In-house dev teams by nature prefer the status quo, and hesitation to make quick changes in the speed and direction of your business constitutes a hidden cost. You have to spend time coaching new members of the team. If you change the technology you use, you’ll have to hire new people, or wait for your team to acquire new skills. If you want to eliminate a technology, you’ll have to make somebody redundant. This will make your development process less flexible. That could derail your entire business, leaving you with no results.
On the other hand, it goes without saying that an in-house dev team will always be committed to the project. You won't have to worry that the people you’re working with will come and go, because a regular contract will guarantee that your relationship will last longer. What's more, the members of an in-house dev team may have a better understanding of the business and the product’s features, especially in terms of relations with other departments. I strongly advise our clients to have their own internal teams working with our experts, to sustain high quality for the project.
Maybe freelance contractors then?
Obviously, hiring freelance contractors also has many advantages. First of all, this option is definitely the cheapest, which often is very important for young startups. Secondly, as freelancers have to divide their time into smaller blocks dedicated to various projects, they will definitely focus on speed in delivering your product. What's more, freelancers tend to have good communications skills, which are crucial to acquire new clients and stay on the market.
On the other hand, hiring freelance contractors may pose a risk for your business. Don’t be misled by costs that appear lower than those of an in-house dev team or hiring an agency; you will be forced to manage a group of total strangers, with completely different work habits. As a result, instead of focusing on the outside (acquiring clients, looking for opportunities) you will have to spend your time and energy on the inside (reviewing code, solving conflicts, managing the team).

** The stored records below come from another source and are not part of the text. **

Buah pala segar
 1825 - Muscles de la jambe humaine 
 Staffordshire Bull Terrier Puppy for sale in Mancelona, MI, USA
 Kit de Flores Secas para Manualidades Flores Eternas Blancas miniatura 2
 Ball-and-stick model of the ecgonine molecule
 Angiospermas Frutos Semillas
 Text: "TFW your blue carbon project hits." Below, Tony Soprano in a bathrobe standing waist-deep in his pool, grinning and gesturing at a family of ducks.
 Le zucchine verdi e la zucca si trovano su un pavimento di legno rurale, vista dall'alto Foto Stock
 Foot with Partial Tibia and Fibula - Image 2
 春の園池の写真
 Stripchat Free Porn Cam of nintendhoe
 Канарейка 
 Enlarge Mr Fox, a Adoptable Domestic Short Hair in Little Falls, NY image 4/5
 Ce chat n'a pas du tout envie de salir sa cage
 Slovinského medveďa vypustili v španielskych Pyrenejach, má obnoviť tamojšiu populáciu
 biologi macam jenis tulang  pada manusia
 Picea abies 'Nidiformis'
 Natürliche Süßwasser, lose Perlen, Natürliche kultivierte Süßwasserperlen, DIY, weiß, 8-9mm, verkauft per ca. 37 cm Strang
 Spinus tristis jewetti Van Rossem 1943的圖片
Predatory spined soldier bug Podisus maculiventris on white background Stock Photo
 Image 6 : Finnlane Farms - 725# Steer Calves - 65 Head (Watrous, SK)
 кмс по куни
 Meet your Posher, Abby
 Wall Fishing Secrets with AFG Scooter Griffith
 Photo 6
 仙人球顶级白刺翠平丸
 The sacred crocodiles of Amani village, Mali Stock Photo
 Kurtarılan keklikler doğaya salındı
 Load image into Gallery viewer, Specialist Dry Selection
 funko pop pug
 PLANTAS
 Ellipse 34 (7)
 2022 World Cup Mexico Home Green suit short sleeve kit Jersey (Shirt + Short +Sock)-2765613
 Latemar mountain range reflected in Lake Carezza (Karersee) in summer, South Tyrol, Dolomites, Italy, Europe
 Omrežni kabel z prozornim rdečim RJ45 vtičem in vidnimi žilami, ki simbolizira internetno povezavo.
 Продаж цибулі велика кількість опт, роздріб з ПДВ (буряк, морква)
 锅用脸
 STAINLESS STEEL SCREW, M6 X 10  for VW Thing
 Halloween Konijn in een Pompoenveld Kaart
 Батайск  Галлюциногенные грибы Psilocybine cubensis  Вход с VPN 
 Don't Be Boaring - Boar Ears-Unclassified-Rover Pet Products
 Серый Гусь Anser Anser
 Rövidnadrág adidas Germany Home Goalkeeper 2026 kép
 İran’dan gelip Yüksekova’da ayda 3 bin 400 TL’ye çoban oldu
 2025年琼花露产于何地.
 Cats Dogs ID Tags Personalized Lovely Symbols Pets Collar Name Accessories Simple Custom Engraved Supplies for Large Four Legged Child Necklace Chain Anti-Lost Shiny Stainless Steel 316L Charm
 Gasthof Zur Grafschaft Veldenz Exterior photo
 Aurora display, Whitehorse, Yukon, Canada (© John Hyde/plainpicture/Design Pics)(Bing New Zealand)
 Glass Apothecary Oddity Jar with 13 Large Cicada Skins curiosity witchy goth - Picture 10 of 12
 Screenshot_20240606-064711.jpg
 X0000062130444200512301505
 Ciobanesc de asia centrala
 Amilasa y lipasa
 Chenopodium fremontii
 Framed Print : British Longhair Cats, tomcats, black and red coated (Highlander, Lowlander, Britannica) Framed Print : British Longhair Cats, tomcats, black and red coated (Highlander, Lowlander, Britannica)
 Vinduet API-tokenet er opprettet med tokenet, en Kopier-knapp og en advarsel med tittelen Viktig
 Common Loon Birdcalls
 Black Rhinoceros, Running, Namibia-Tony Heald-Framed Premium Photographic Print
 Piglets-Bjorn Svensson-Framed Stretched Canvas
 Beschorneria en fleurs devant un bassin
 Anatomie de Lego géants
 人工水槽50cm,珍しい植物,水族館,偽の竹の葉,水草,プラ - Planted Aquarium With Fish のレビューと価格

What’s more, the continuity of your project will also be at risk. Freelancers come and go, and your project is not their only project. Another risk is that a lot of freelance contractors work on the basis of fixed-cost pricing. While this sounds like a good idea at first, it doesn't address the unexpected complications that lie ahead in the development process. As a result, you risk that when your project comes to a dead end because of its complexity, freelance contractors may simply not do their best to solve the problem, as they can consider it too hard for the previously fixed price.
Costs of hiring an agency
Hiring an agency can solve a lot of the problems mentioned above. But you need to know that comparing an agency’s cost per hour with that of a freelancer is like comparing apples to oranges.
When hiring developers from an agency, you hire a person backed by the shared experience and acquired knowledge of a whole team of people. It’s impossible to buy all that from just one freelancer.
You don’t pay for the management, because you collaborate with a team of people who not only know each other but also are already managed by somebody else.
They’re fully committed to your product only.
Development agencies tend to hire people who are up-to-date with the latest stack, are focused on professional development and want to acquire new skills and experience.
When you work with an agency, you hire motivated top talents. You don't have to worry that your software will be outdated. They have to speed up; the agency dictates the pace of work. As a result, developers in an agency learn much faster than in-house dev team members.
Agencies often offer a free trial period. They have a brand to protect, and an incentive to keep clients happy.
Agencies will provide you with the best service possible because they know they’ve acquired some of their clients through other people’s recommendations. At Netguru, for example, every project gets a Project Manager and a Quality Assurance Specialist free of charge.
Again, remember that time is always the most important factor. Don’t spend your time and energy on management tasks that you can hire others to do better and cheaper. By working together with an agency, you’ll create the best possible strategy and ensure your development process is a success. Remember that time is much more valuable than money. Spend it on making your business grow and making your dreams come true, rather than on micromanaging and solving irrelevant issues.